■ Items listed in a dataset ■
————————
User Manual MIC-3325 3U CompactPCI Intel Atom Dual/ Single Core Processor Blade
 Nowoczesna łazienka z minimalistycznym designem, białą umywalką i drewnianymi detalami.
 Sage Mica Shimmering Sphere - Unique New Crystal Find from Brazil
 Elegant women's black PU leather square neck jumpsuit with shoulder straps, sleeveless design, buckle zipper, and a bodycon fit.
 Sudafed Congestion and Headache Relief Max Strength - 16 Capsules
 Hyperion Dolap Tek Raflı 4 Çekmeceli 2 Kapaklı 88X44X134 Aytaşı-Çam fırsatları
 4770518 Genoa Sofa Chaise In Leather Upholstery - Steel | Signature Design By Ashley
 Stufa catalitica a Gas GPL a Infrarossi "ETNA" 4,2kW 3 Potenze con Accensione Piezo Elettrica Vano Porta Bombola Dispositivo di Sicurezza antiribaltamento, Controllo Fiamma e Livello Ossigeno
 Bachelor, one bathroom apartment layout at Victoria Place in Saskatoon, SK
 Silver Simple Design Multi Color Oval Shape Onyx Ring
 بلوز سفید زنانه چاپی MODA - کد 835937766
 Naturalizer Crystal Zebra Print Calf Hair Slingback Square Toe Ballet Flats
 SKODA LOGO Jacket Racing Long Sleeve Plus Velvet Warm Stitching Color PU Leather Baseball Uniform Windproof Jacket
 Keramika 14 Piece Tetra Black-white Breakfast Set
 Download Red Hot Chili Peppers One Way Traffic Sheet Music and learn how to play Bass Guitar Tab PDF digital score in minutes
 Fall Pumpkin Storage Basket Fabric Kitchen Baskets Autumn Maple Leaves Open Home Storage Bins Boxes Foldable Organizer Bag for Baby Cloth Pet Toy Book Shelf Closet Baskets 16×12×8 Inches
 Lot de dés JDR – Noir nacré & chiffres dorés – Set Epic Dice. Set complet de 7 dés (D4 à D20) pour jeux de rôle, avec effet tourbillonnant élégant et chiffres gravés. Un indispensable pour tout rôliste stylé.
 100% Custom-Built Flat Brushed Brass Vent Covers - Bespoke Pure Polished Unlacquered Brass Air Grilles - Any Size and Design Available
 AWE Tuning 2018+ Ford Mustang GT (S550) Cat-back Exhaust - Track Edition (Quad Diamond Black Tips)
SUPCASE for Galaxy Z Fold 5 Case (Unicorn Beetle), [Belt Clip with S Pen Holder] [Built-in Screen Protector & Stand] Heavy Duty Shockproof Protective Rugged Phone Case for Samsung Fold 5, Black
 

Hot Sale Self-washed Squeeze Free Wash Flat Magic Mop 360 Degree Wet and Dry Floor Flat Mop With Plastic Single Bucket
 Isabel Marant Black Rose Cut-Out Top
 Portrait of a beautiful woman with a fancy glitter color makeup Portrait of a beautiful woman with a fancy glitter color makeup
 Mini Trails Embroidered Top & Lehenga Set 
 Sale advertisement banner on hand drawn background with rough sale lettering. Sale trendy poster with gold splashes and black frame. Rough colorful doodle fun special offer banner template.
————————
■ Brief ■
Copy the records above exactly, beginning at the line that contains "Download Red Hot" and stopping after the line that contains "100% Custom-Built Flat".

■ Result of the exercise ■
 Download Red Hot Chili Peppers One Way Traffic Sheet Music and learn how to play Bass Guitar Tab PDF digital score in minutes
 Fall Pumpkin Storage Basket Fabric Kitchen Baskets Autumn Maple Leaves Open Home Storage Bins Boxes Foldable Organizer Bag for Baby Cloth Pet Toy Book Shelf Closet Baskets 16×12×8 Inches
 Lot de dés JDR – Noir nacré & chiffres dorés – Set Epic Dice. Set complet de 7 dés (D4 à D20) pour jeux de rôle, avec effet tourbillonnant élégant et chiffres gravés. Un indispensable pour tout rôliste stylé.
 100% Custom-Built Flat Brushed Brass Vent Covers - Bespoke Pure Polished Unlacquered Brass Air Grilles - Any Size and Design Available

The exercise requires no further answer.